Enquanto isto, para a oposição, o seu principal adversário político é a Frelimo, mas não só. Está claro que o desafio é de manter nos municípios conquistados em 2018 e tentar arrebatar alguns dos 44 que estão nas mãos do partido que sustenta o governo.
Mas mais do que a Frelimo, a oposição tem outros adversários a não desprezar. Trata-se do nível de organização interna que não tem sido bom. A capacidade de gestão e controlo do próprio processo eleitoral em si que em cada pleito eleitoral deixa muito a desejar. A falta de recursos financeiros para garantir uma logística à altura de processos destes. A disponibilidade de fundos para a produção e distribuição de materiais de comunicação relativas à campanha eleitoral.
Dado a esta situação, a maior parte dos partidos não consegue sequer se fazer representar em todas as assembleias de voto, cuja fiscalização ou monitoria é crucial, o que é uma fragilidade. É que os resultados eleitorais começam a ser desenhados a partir daqui e é onde todos os actores políticos devem estar presentes sob risco de ocorrência de algumas irregularidades ou ilícitos eleitorais.
Era suposto, pelo menos, que a Renamo e o MDM estivessem num outro patamar em termos organizacionais, sendo que estão no parlamento e beneficiam de fundos do Estado para desenvolver actividades políticas, cujo valor é proporcional ao número de assentos, o que não me parece. As fraquezas são quase as mesmas dos restantes partidos da oposição, com a excepção de um e outro pormenor.
Quando a Renamo e o MDM estão representados, geralmente há problemas logísticos. Os seus homens não têm tido assistência adequada, o que leva ao abandono dos postos de votação e, consequentemente, ao descontrolo do processo. Este é um problema financeiro, mas também de organização.
O outro grande adversário da oposição é a falta de domínio do pacote eleitoral por parte das formações políticas da oposição. Não consegue organizar um expediente, com cabeça, troco e membros, a apresentar a um tribunal a denunciar irregularidades ou ilícitos eleitorais. Às vezes são os prazos estabelecidos por lei que não cumpre, votando as suas petições à rejeição perante a justiça.
Apesar de consciente das fragilidades que tem, não vemos coligações constituídas pelo menos para efeitos de fiscalização das mesas ou assembleias de voto. Não há uma união de forças para tal.
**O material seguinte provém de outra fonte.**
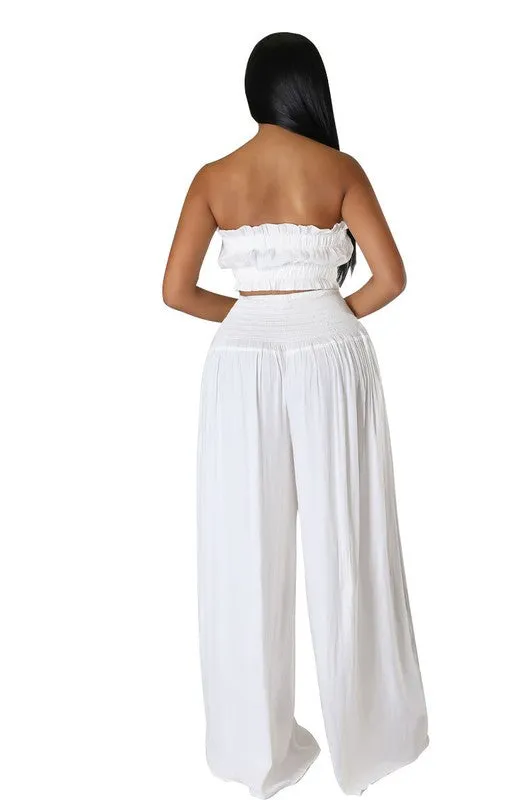 Twice the Fun- Crop Top with Matching Pant Set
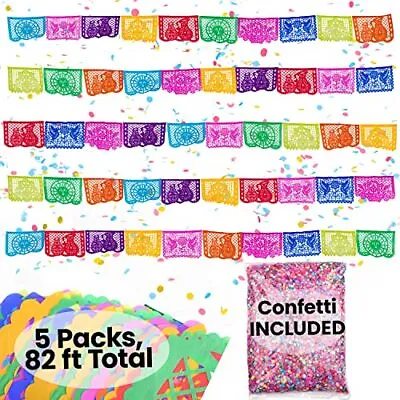 5 Pack Mexican Party Fiesta Decorations Papel Picado Flags Banner 82 Ft • $46.99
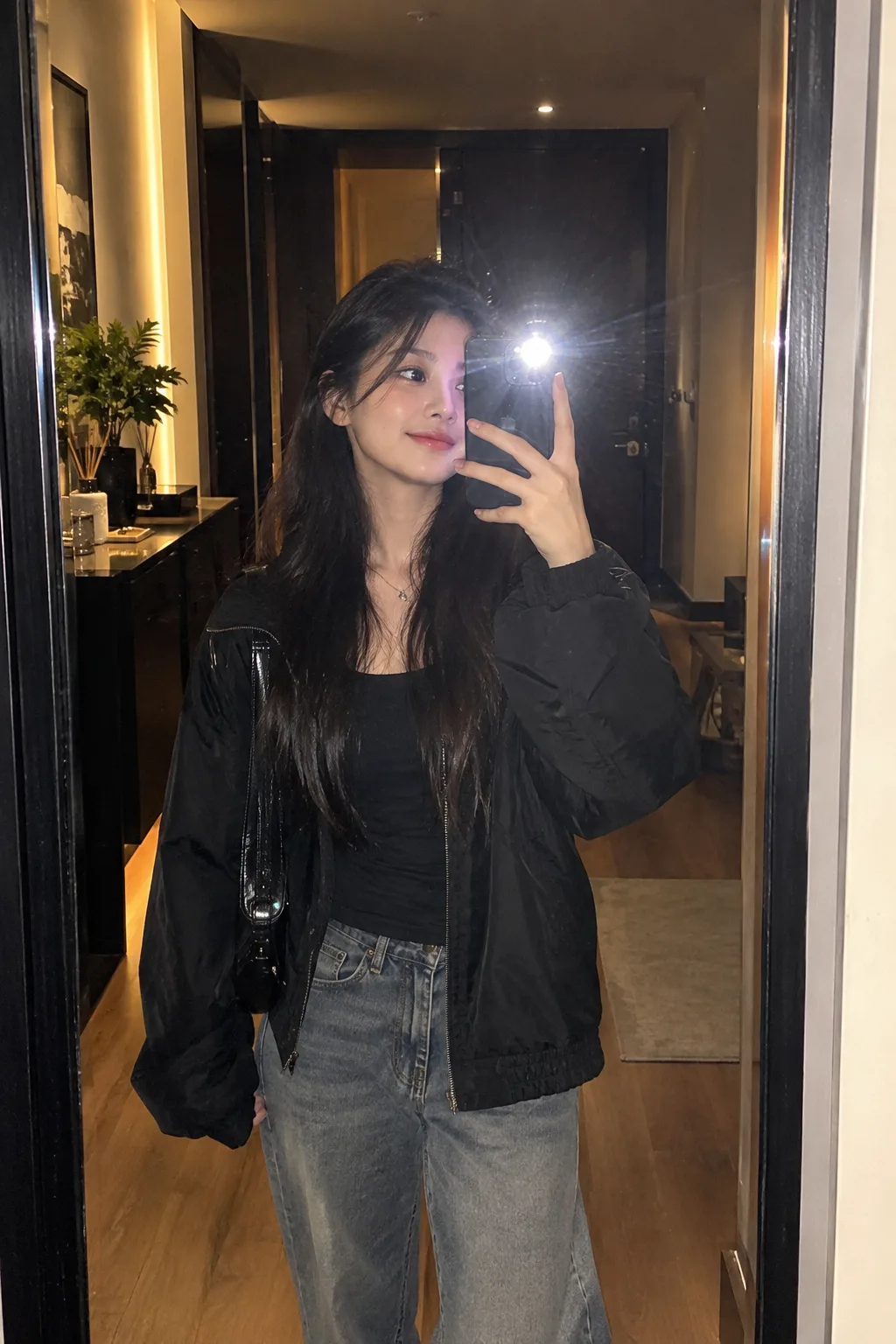 Night Mirror Flash — Realistic Camera Photo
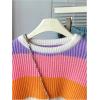 image:imageGORGLITTER Girls Striped Sweaters Color Block Lantern Long Sleeve Chunky Pullover Cute Fall OutfitsMauve Purple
Cada partido opta por trabalhar sozinho.
A oposição tem, nesta campanha eleitoral, a tarefa de convencer os potenciais eleitores de que constitui uma alternativa à Frelimo.
Traçado que está o quadro político do país, os religiosos diriam “vamos entregar tudo nas mãos de Deus”. Eu prefiro dizer “vamos entregar tudo nas mãos dos eleitores” para que façam melhor juízo na boca das urnas. Boa sorte a todos!